> _YOUR ASSIGNMENT_:
What is needed is an exact transcription of the line containing "Мне показали, откуда" and every line after it through the end of the entries below, with no pictures.

****

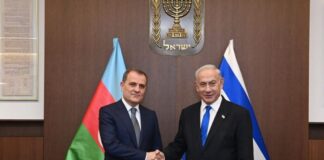 İsrailin Baş naziri Benyamin Netanyahu Təl-Əvivdə Azərbaycanın xarici işlər naziri Ceyhun Bayramovla görüşüb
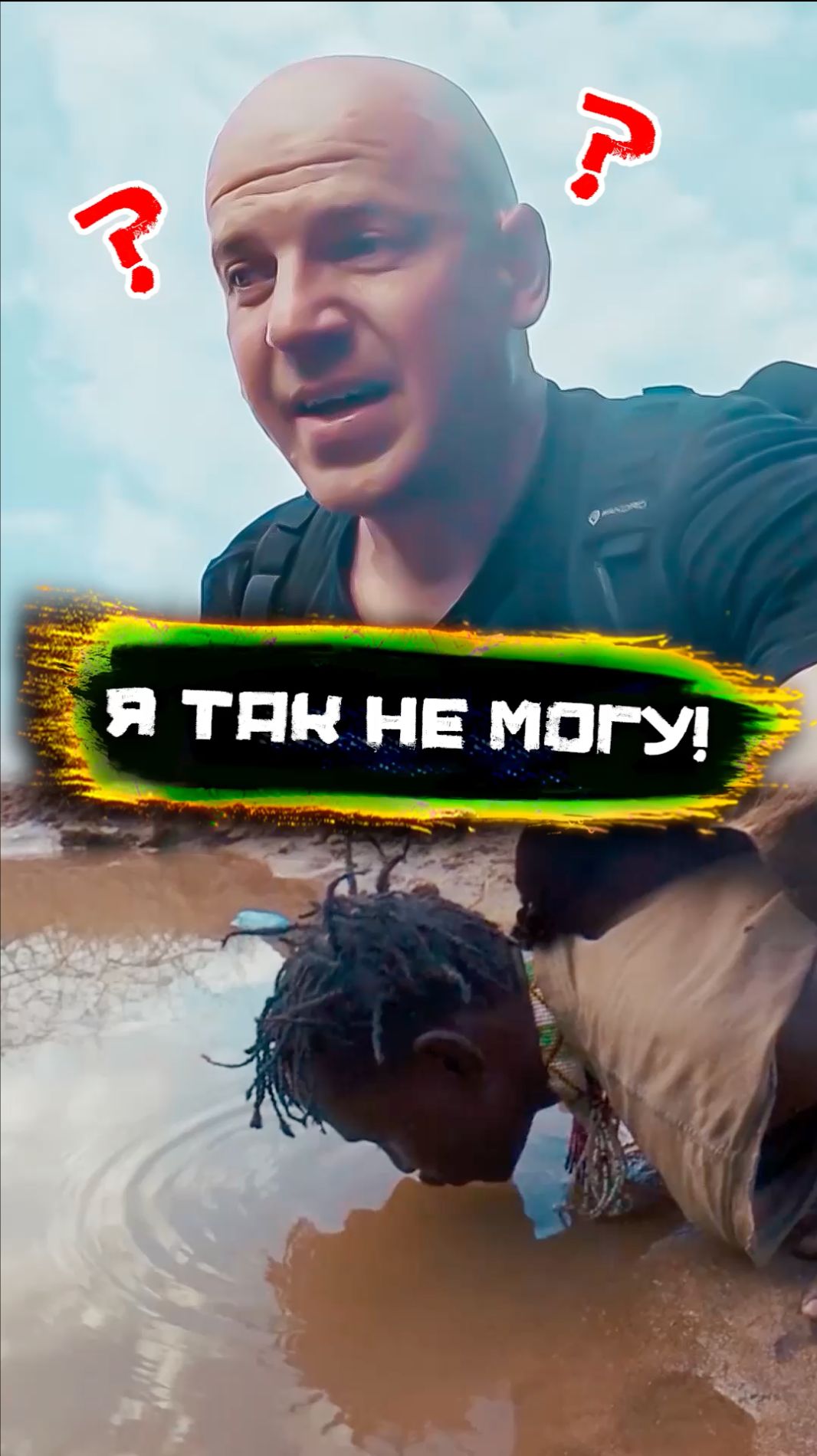 Мне показали, откуда племя Хадза пьёт воду смотреть онлайн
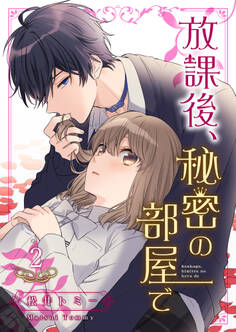 放課後、秘密の部屋で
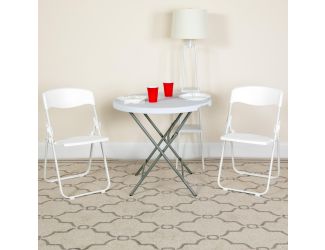 2PK 500 lb. Capacity Heavy Duty White Folding Chair - Built-in Ganging Brackets
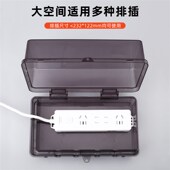 插线板保护罩防水插座排插排防水罩插板保护盖罩排插防水盒防雨罩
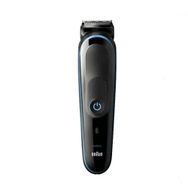 Braun MGK 5080 9in1 Erkek Bakım Kiti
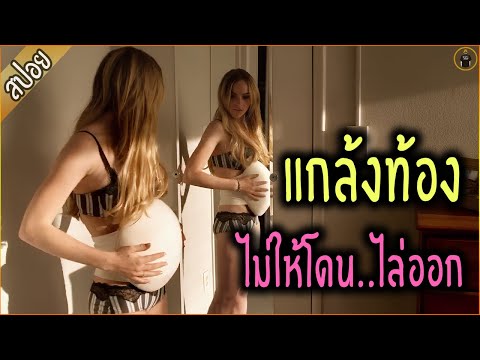 สาวสวย..แกล้งท้อง !! ไม่ให้โดนไล่ออก- เล่าหนัง [สปอยหนัง]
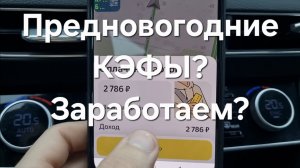 Предновогодняя суета разжигает КЭФ? Заработаем в Яндекс Такси?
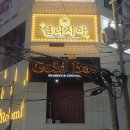 CU엘리시아 이미지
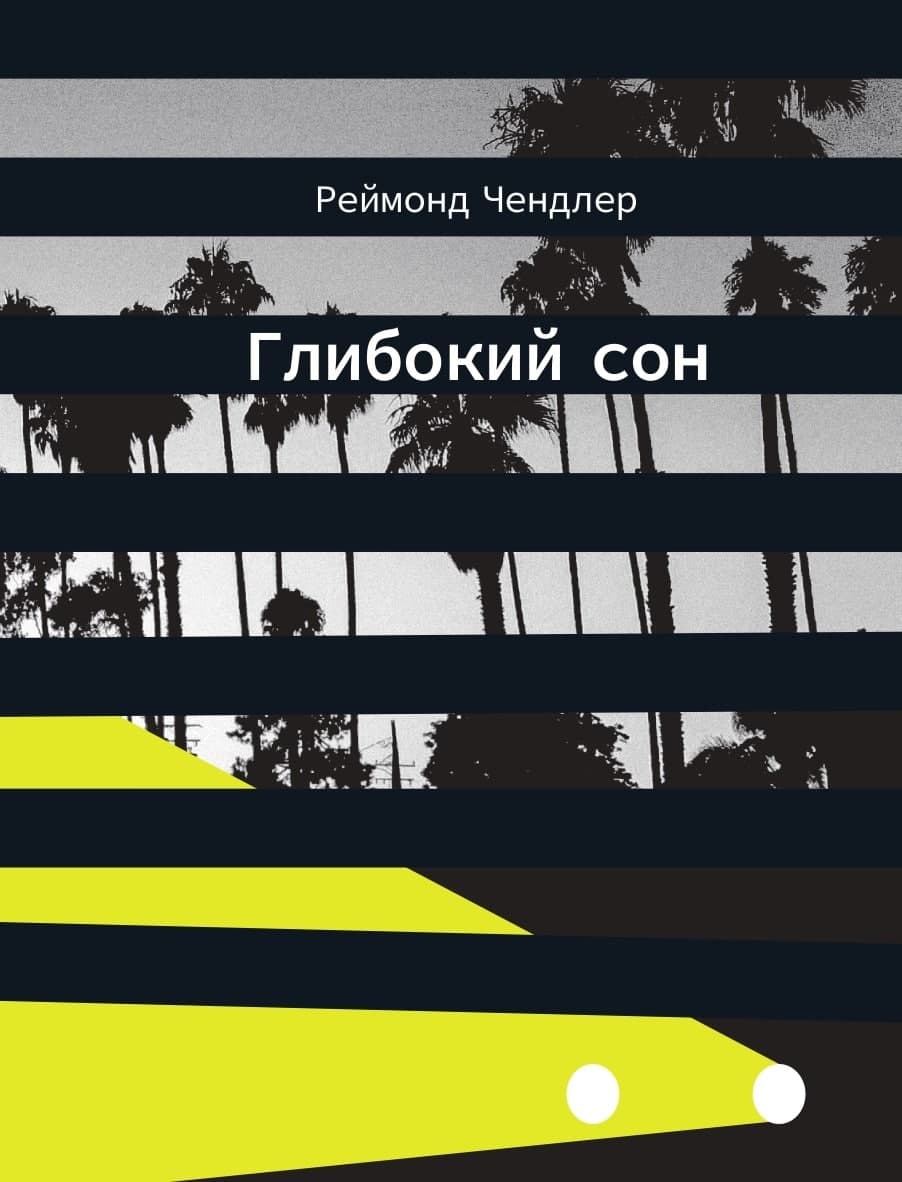 «Глибокий сон» – РЕЙМОНД ЧЕНДЛЕР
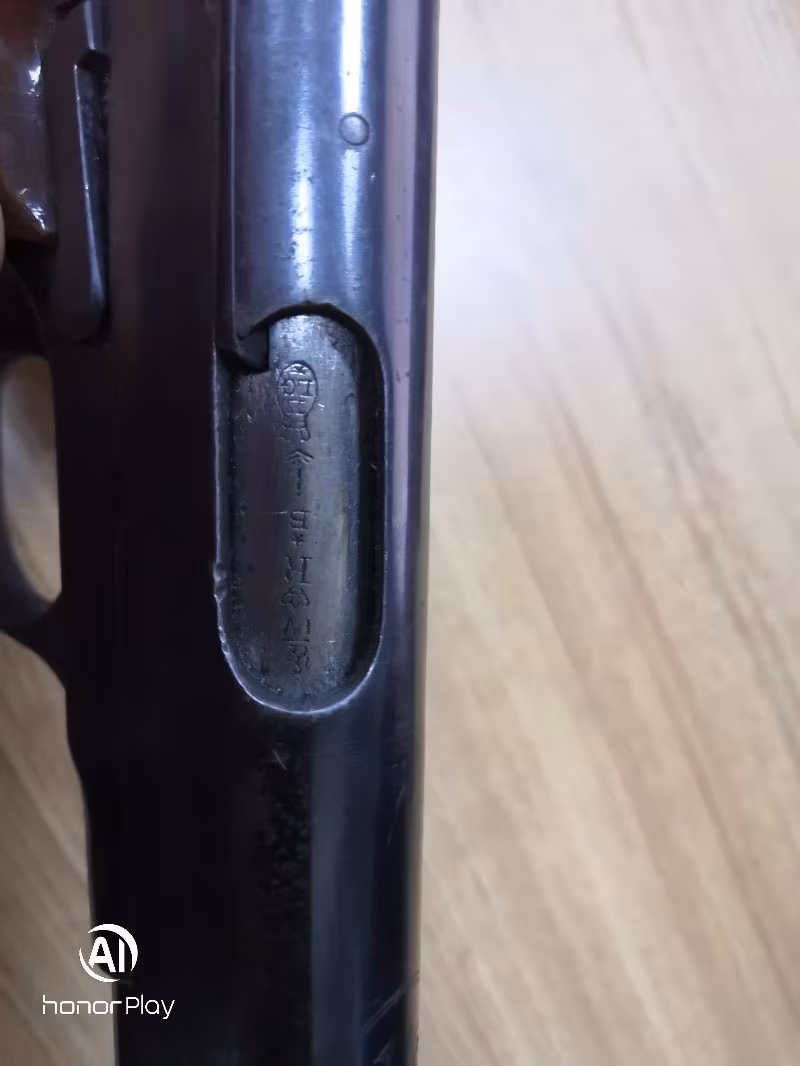 TUĞRALI POLİS BROWNİNG 19303 FN ORJİNAL BOYASIZ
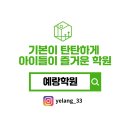 선여불로 이미지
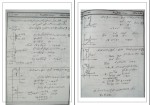 جزوه انتگرال دوگانه باقر کرامتی دانلود PDF-1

****

> _THE COMPLETED TASK_:
 Мне показали, откуда племя Хадза пьёт воду смотреть онлайн
 放課後、秘密の部屋で
 2PK 500 lb. Capacity Heavy Duty White Folding Chair - Built-in Ganging Brackets
 插线板保护罩防水插座排插排防水罩插板保护盖罩排插防水盒防雨罩
 Braun MGK 5080 9in1 Erkek Bakım Kiti
 สาวสวย..แกล้งท้อง !! ไม่ให้โดนไล่ออก- เล่าหนัง [สปอยหนัง]
 Предновогодняя суета разжигает КЭФ? Заработаем в Яндекс Такси?
 CU엘리시아 이미지
 «Глибокий сон» – РЕЙМОНД ЧЕНДЛЕР
 TUĞRALI POLİS BROWNİNG 19303 FN ORJİNAL BOYASIZ
 선여불로 이미지
 جزوه انتگرال دوگانه باقر کرامتی دانلود PDF-1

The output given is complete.